[TASK DETAILS] In the material below, the lines to reproduce exactly are the one containing "Pääoma – E-bok" and all lines after it through the last.

[TASK DATA]
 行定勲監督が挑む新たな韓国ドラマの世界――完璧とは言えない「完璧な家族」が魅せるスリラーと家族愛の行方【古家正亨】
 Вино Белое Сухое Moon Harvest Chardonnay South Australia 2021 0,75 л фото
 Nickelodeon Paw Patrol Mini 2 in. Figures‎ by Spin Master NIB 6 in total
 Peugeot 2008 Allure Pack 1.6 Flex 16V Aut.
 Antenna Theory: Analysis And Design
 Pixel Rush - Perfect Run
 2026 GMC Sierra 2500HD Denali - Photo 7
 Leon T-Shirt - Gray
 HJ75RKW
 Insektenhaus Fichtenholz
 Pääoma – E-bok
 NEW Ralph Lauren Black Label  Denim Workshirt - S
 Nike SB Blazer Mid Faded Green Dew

[RESPONSE]
 Pääoma – E-bok
 NEW Ralph Lauren Black Label  Denim Workshirt - S
 Nike SB Blazer Mid Faded Green Dew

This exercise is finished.